## DATA PROVIDED

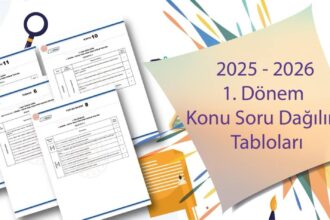Ortak Yazılı Sınavlar Konu Sora Tabloları Yayımlandı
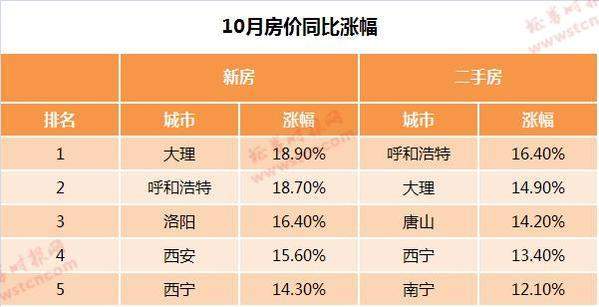 楼市拐点已现？70城房价环比涨幅全面回落，半数城市二手房价环比下跌，专家：降温态势难逆转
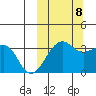 Bogoslof Island tide chart for Sunday, October 8, 2023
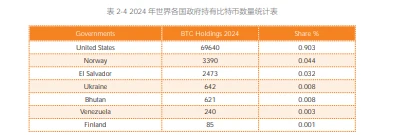 区块链币交易_SOL币在跨链技术中的潜力：如何实现不同区块链的互操作性_区块链新玩法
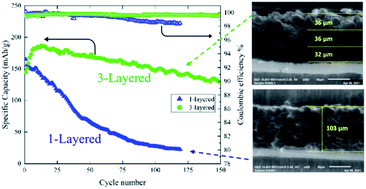 Graphical abstract: Gradient porosity electrodes for fast charging lithium-ion batteries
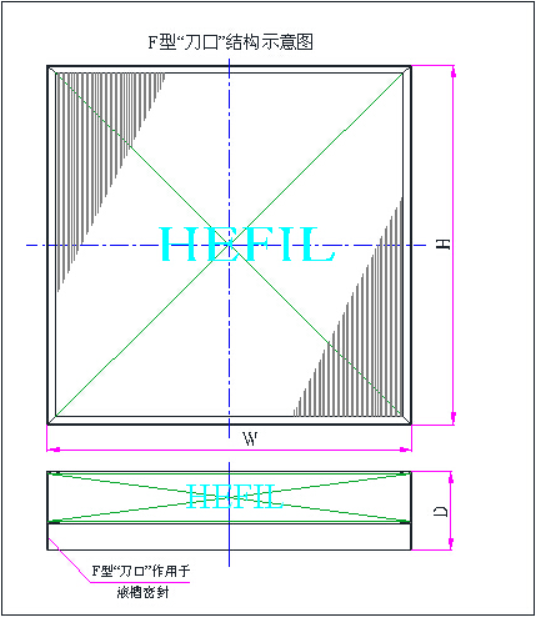 HMKo(w)峬Чʽ^(gu)VULPA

## ACTIVITY
Output every entry verbatim but skip the pictures.

## RESPONSE AREA
Ortak Yazılı Sınavlar Konu Sora Tabloları Yayımlandı
 楼市拐点已现？70城房价环比涨幅全面回落，半数城市二手房价环比下跌，专家：降温态势难逆转
 Bogoslof Island tide chart for Sunday, October 8, 2023
 区块链币交易_SOL币在跨链技术中的潜力：如何实现不同区块链的互操作性_区块链新玩法
 Graphical abstract: Gradient porosity electrodes for fast charging lithium-ion batteries
 HMKo(w)峬Чʽ^(gu)VULPA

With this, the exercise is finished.